- **Activity**
Using the listing below, give again exactly the lines from the line with "Syngonium scrambled eggs, Ophalen" to the line with "Siberian Husky Ich", inclusive, without the pictures.

- **Data for this task**
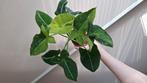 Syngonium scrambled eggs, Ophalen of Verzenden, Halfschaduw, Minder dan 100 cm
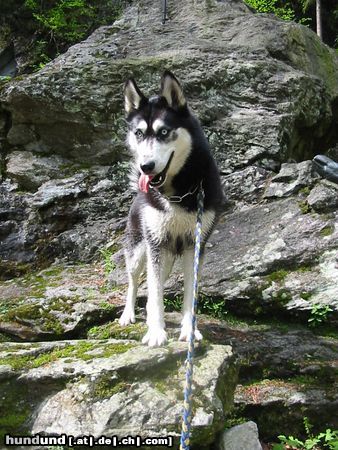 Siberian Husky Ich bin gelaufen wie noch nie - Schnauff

---

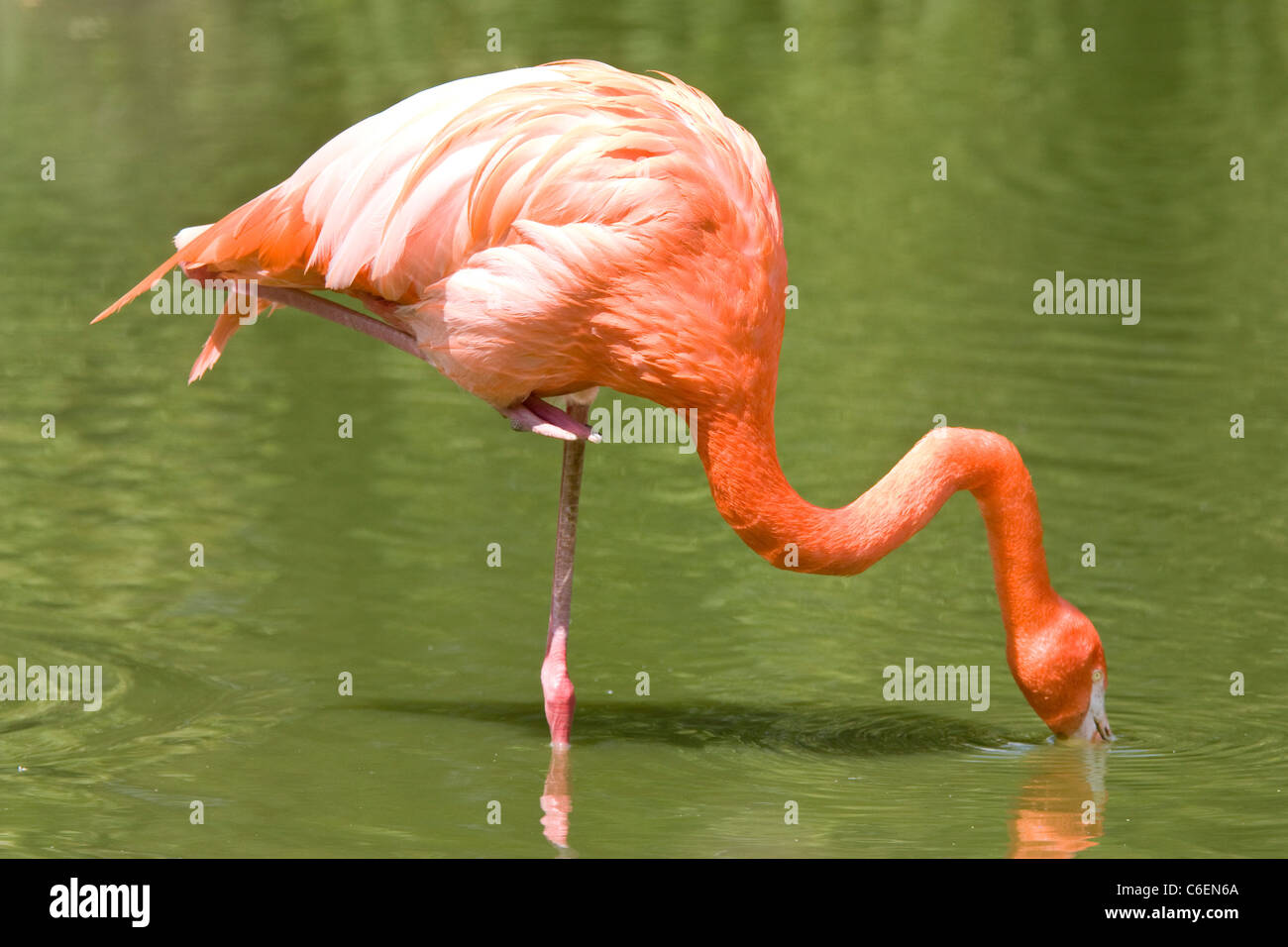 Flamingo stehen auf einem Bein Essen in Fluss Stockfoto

- **Task solution**
 Syngonium scrambled eggs, Ophalen of Verzenden, Halfschaduw, Minder dan 100 cm
 Siberian Husky Ich bin gelaufen wie noch nie - Schnauff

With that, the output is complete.